* **WHAT YOU HAVE TO DO**
All of the data below should come back exactly as written, minus its images.

* **INFORMATION SHOWN**
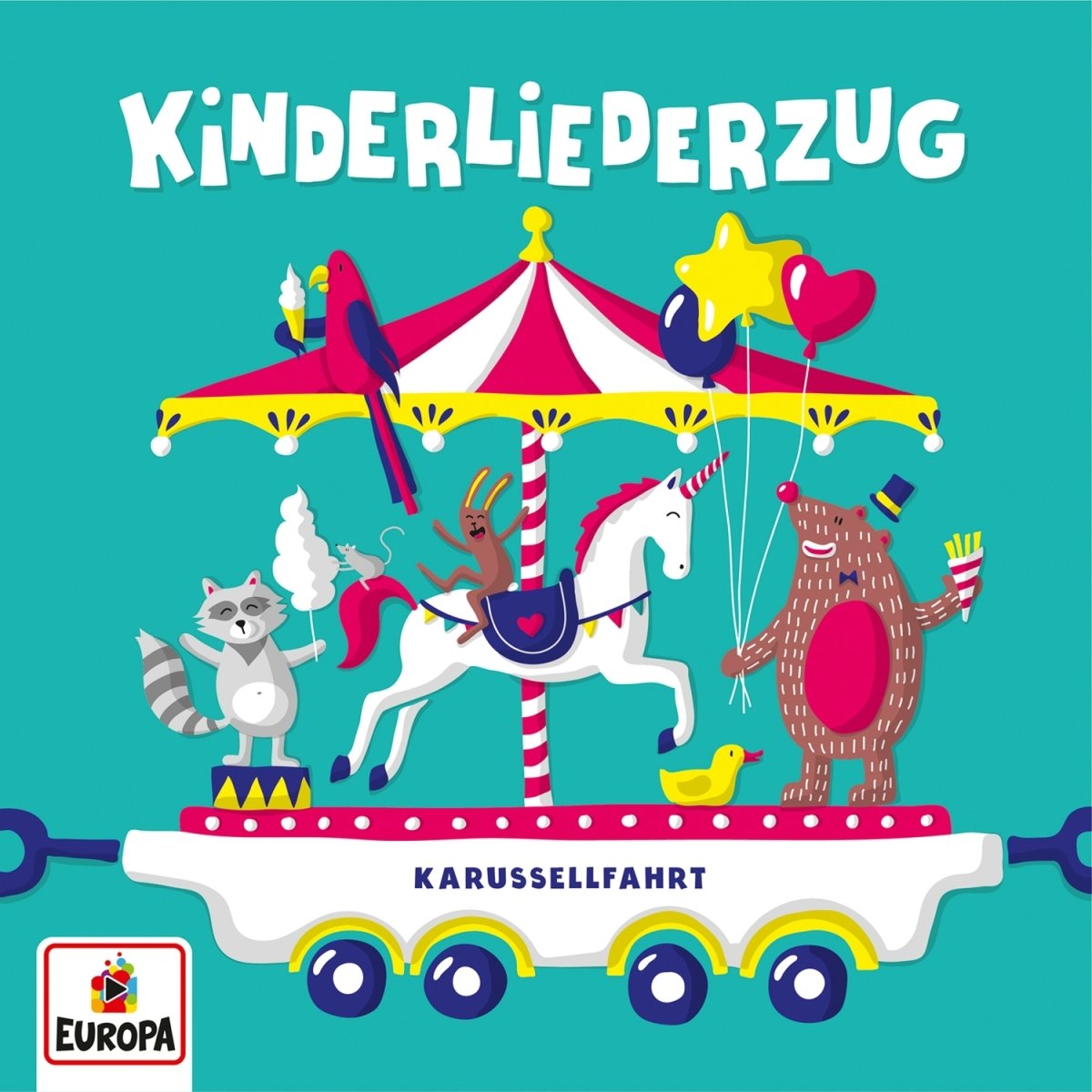 Kinderliederzug-Karussellfahrt Children & Young People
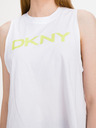 DKNY Sollip Logo Majica brez rokavov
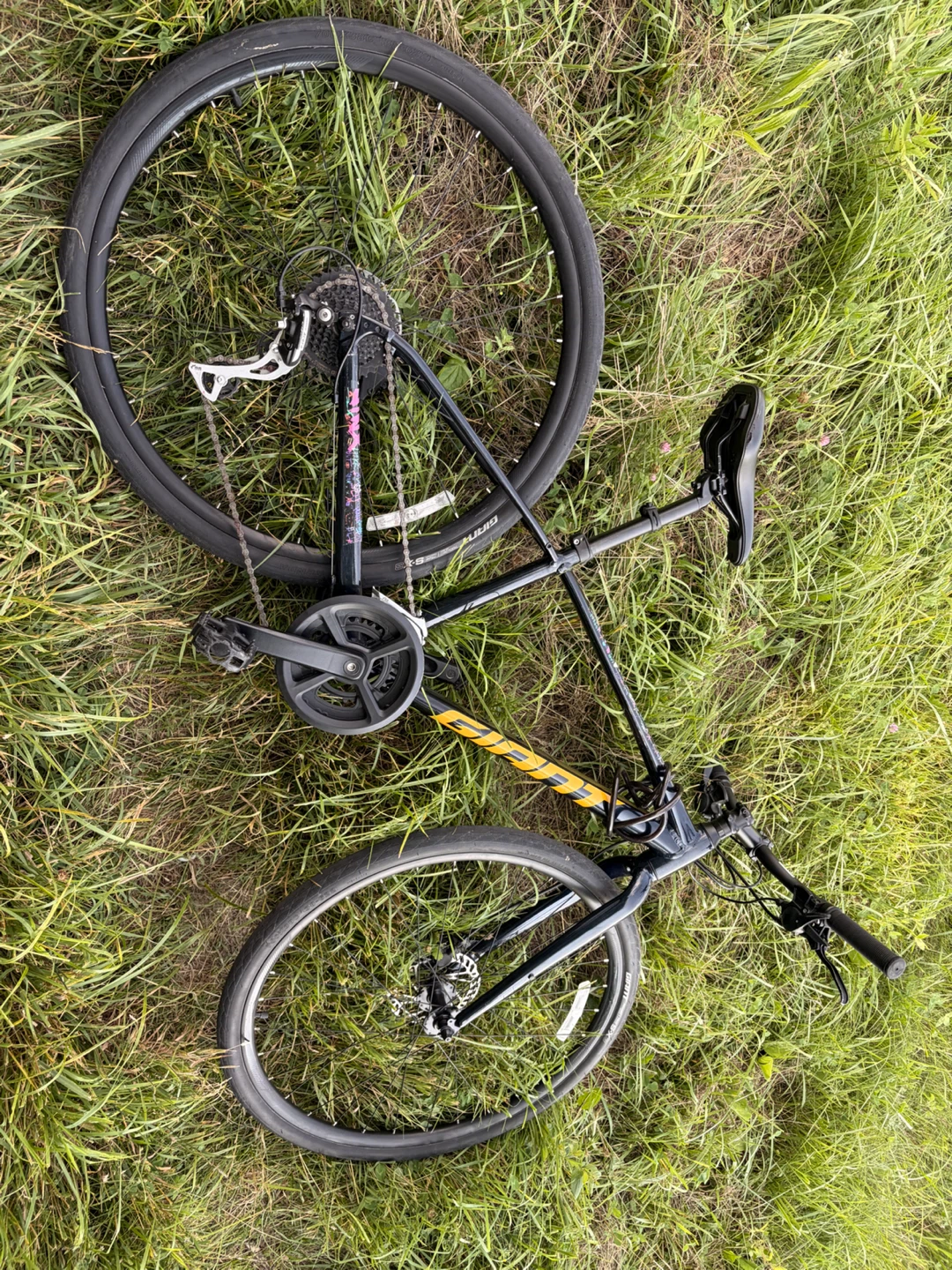 Giant Hybrid Bike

* **SOLUTION FOR THIS TASK**
 Kinderliederzug-Karussellfahrt Children & Young People
 DKNY Sollip Logo Majica brez rokavov
 Giant Hybrid Bike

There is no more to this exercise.